Romani ritiene inopportuno l’ingresso di Forza Italia in maggioranza perché non produrrebbe alcun effetto sullo spostamento dell’asse di governo verso misure riconducibili al centrodestra. Ne è proprio convinto? Il sospetto, ce lo consentirà lo stimato senatore, è che la classe dirigente forzista sconti la propria inattitudine a cimentarsi con i processi di mediazione e di sintesi che sono alla base dell’azione di governo. Probabilmente servirebbe, per iperbole, un po’ di sana saggezza democristiana, nel senso di trarre dall’esperienza della Prima Repubblica il grande insegnamento del moderatismo il quale fondava sulla capacità di ricercare continui punti di convergenza nelle dinamiche confliggenti prodotte da interessi sociali ed economici diversificati e non meccanicamente sovrapponibili. Furono governi a guida democristiana, che tenevano insieme liberali tradizionali e socialisti pre-craxiani, che in tema di ortodossia marxiana non avevano nulla da invidiare ai comunisti, a varare riforme strutturali che hanno portato il Paese a diventare una potenza economica dell’Occidente avanzato.

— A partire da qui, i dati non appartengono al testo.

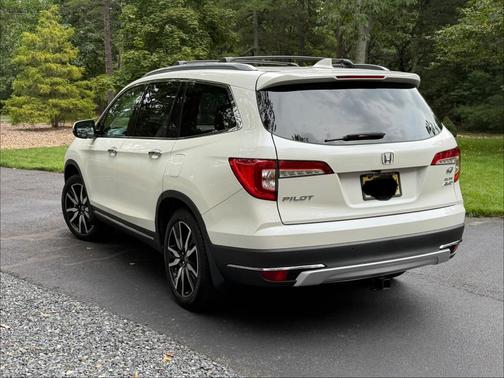 White 2019 Honda Pilot Elite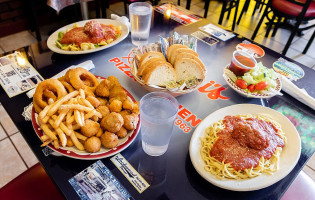 Luigi's Pizza Kitchen food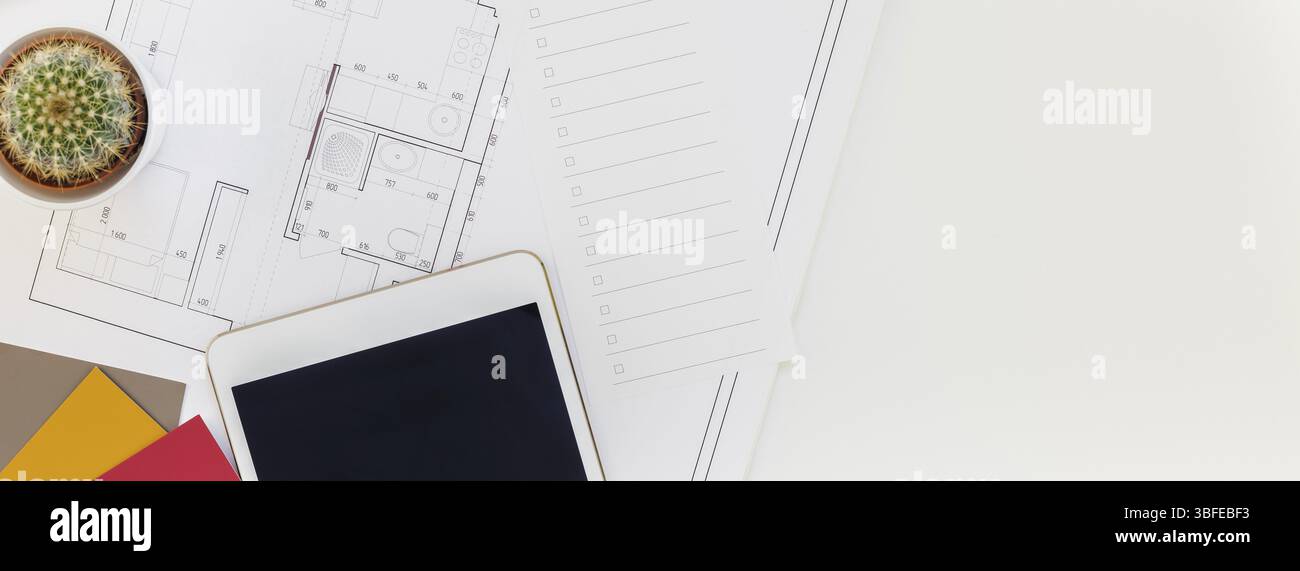 Kreative flach Lange breite Banner oben Blueprints architektonischen Flachbild Projektplan Bürobedarf Dekorateur weißer Tisch Arbeitsbereich mit Muster t Stockfoto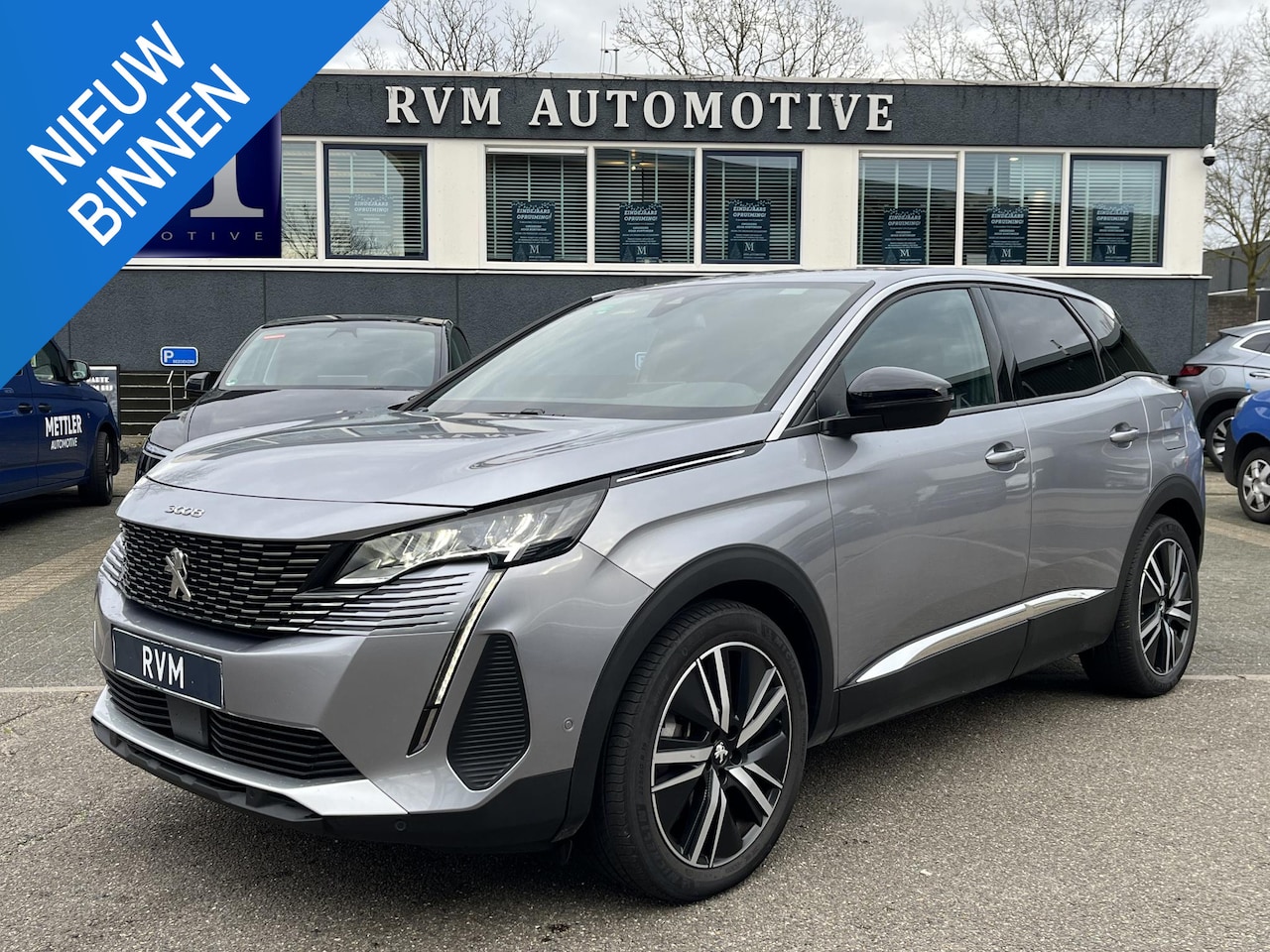Peugeot 3008 - 1.6 HYbrid 180 Allure Pack Business VAN: €29.900,- VOOR: €26.877,- UW EINDEJAARSVOORDEEL: - AutoWereld.nl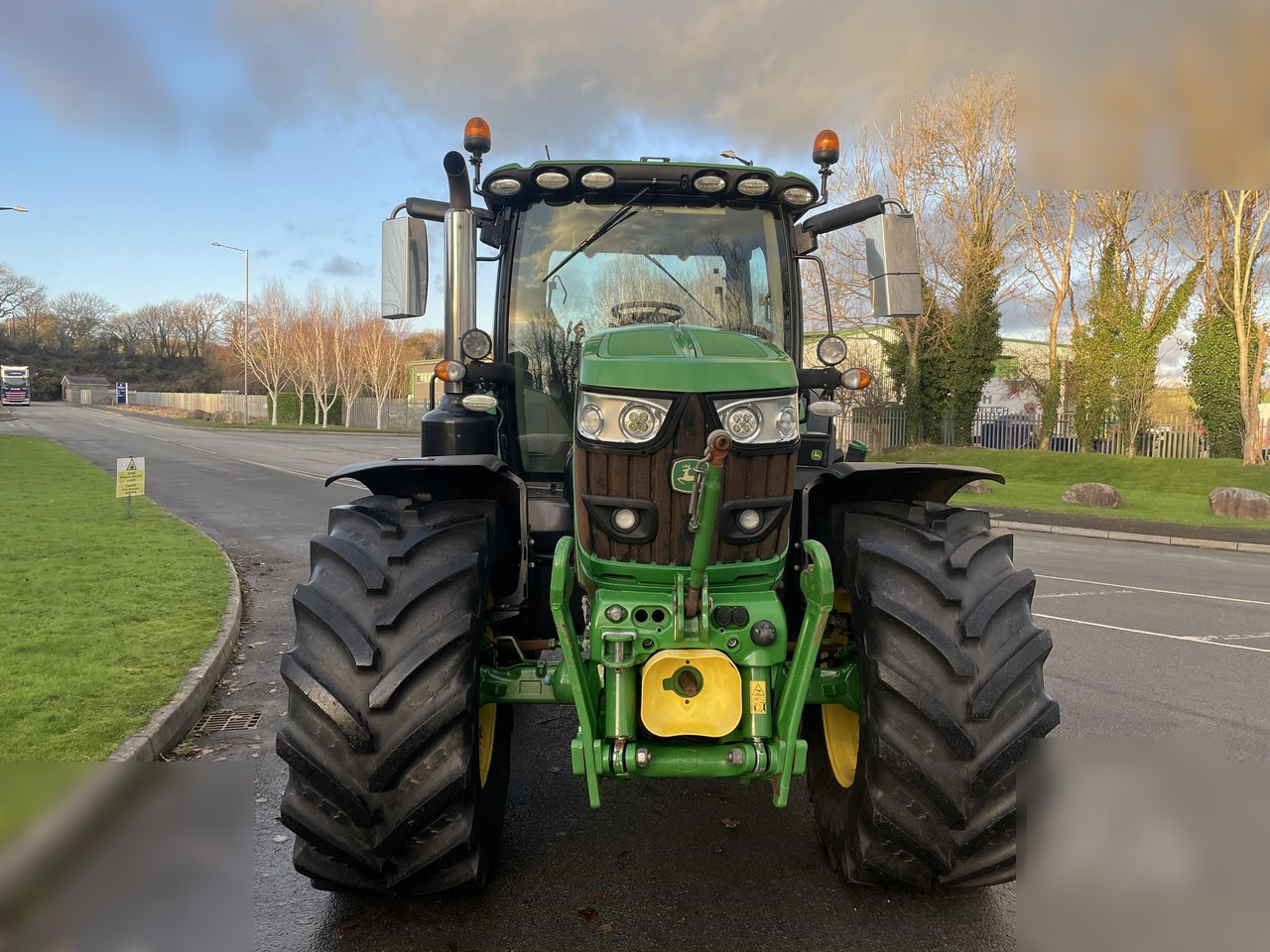 2020 JOHN DEERE 6155R - Farm tractor: picture 3 2020 JOHN DEERE 6155R - Farm tractor: picture 3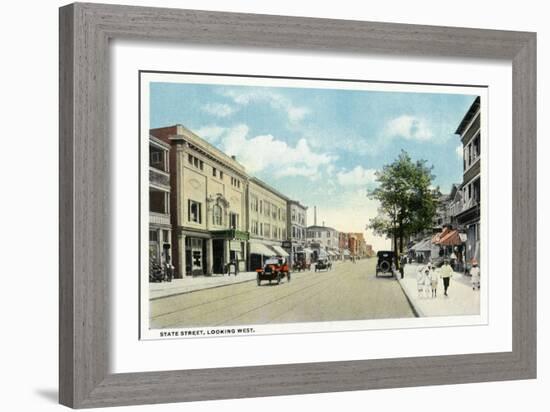 Bridgeport, Connecticut - Western View of State Street-Lantern Press-Framed Art Print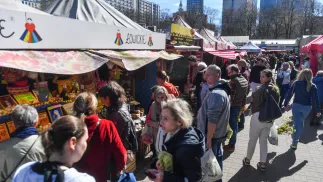Mieszkańcy stolicy podczas zakupów wielkanocnych. Fot. PAP/Piotr Nowak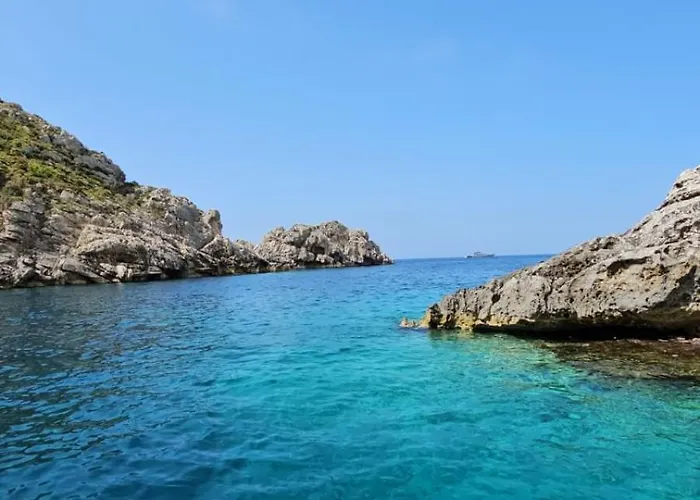 Botel Boat Tours - Adrion Vlorë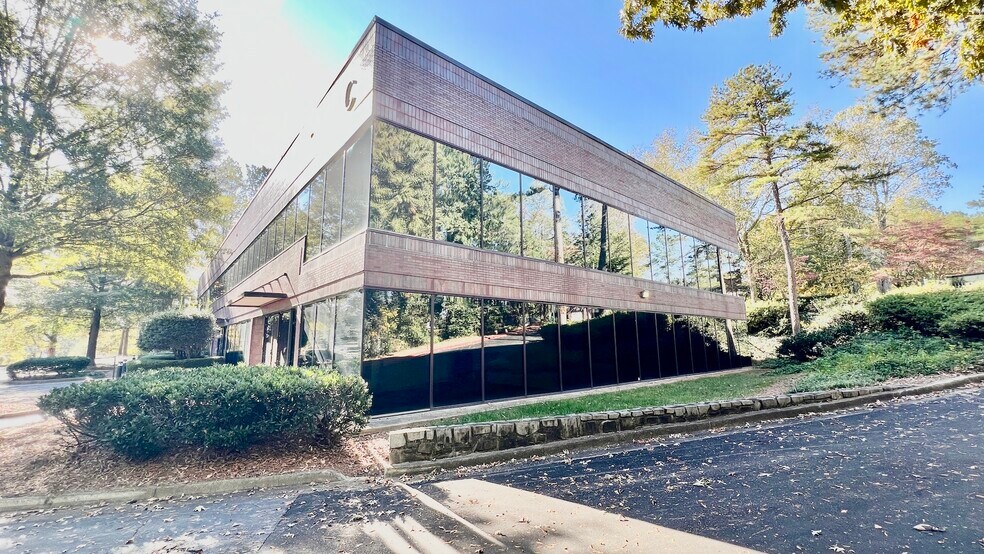 More Photos Of 8800 Roswell Rd, Sandy Springs Office For Sale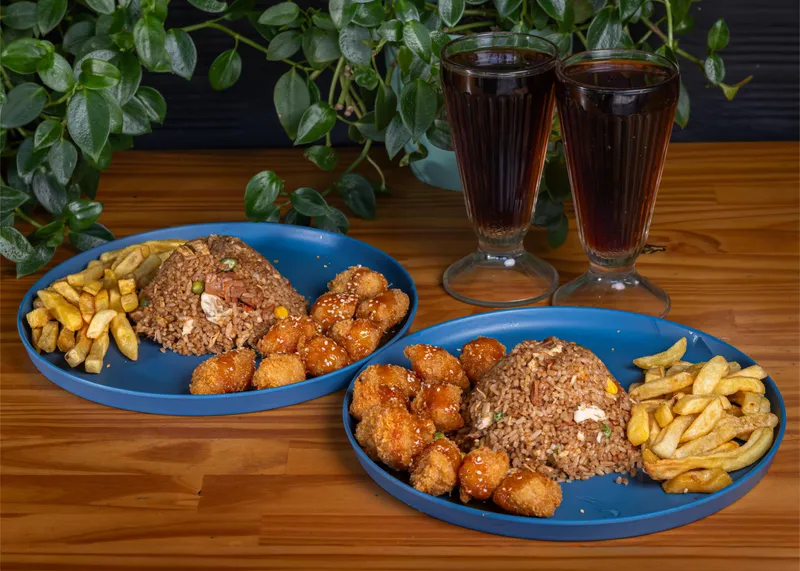 Combo arroz al wok + palmitos crispy + papas fritas + bebida (2 personas)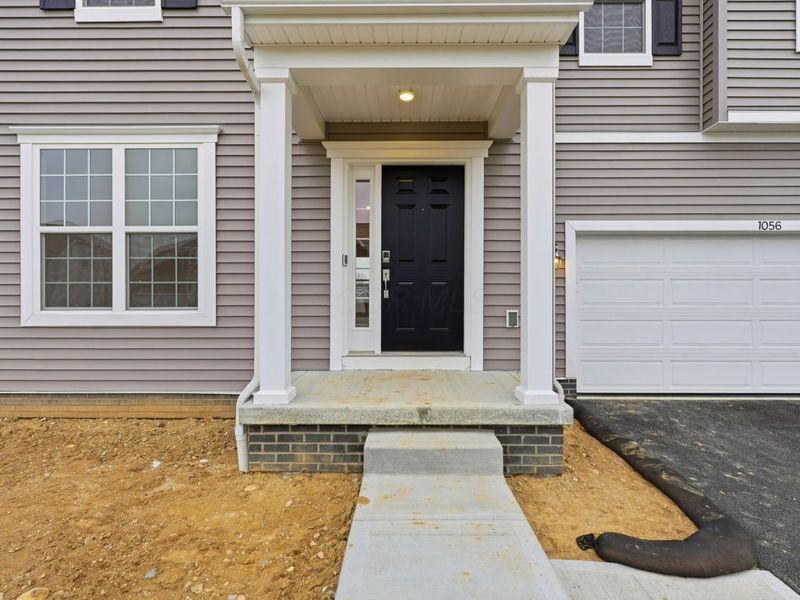 1056 Quarry Oak Drive, Grove City, OH 43123 Photo 3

Su alcune questioni di fondo i socialisti “demartiniani” o “lombardiani” avevano una visione dei rapporti di classe antitetica a quella della destra democristiana patrocinata dai circoli dei proprietari agrari e del vetero-capitalismo manifatturiero. Eppure, hanno governato lungamente insieme, perché essi praticavano la mediazione, disponendosi a sacrificare qualcosa del proprio bagaglio ideologico a beneficio di un avanzamento complessivo della società. Al punto che si potrebbe azzardare un giudizio: il negoziato politico è stato il motore che ha mosso il migliore riformismo conosciuto nella storia della Repubblica.

Veniamo all’oggi. A volte ad ascoltare i grillini viene il voltastomaco. Ma la loro voce, piaccia o no, è quella di una parte della società che reclama soluzioni ai problemi. Perché allora non provare a incalzarli sul campo aperto di un confronto costruttivo? La sponda del fiume dalla quale attendere, impassibili, il passaggio del cadavere del nemico la si lasci alla sinistra che non ha altra prospettiva di sopravvivenza che prescinda dalla morte per autodistruzione dell’avversario politico. La chiave di volta del riscatto di Forza Italia è implicitamente contenuta nella riflessione di Romani. Quel “comprendere ed agire”, posto a rimedio della condizione di minorità alla quale una grande nazione è costretta per propria responsabilità rispetto ad epocali mutamenti di scenari, è la giusta formula per tornare a incrociare il consenso degli elettori. Sembrerebbe un gioco da ragazzi, ma non lo è. Perché il male oscuro della politica, che ha fatto naufragare anche i più ambiziosi progetti di cambiamento, ha avuto un unico stigma: uomini che non hanno compreso la realtà e non hanno agito nella giusta direzione. Pensa il senatore Romani che le cose per Forza Italia possano cambiare in positivo manomettendo il passato e negando il presente? Lo reputiamo troppo in gamba per crederlo.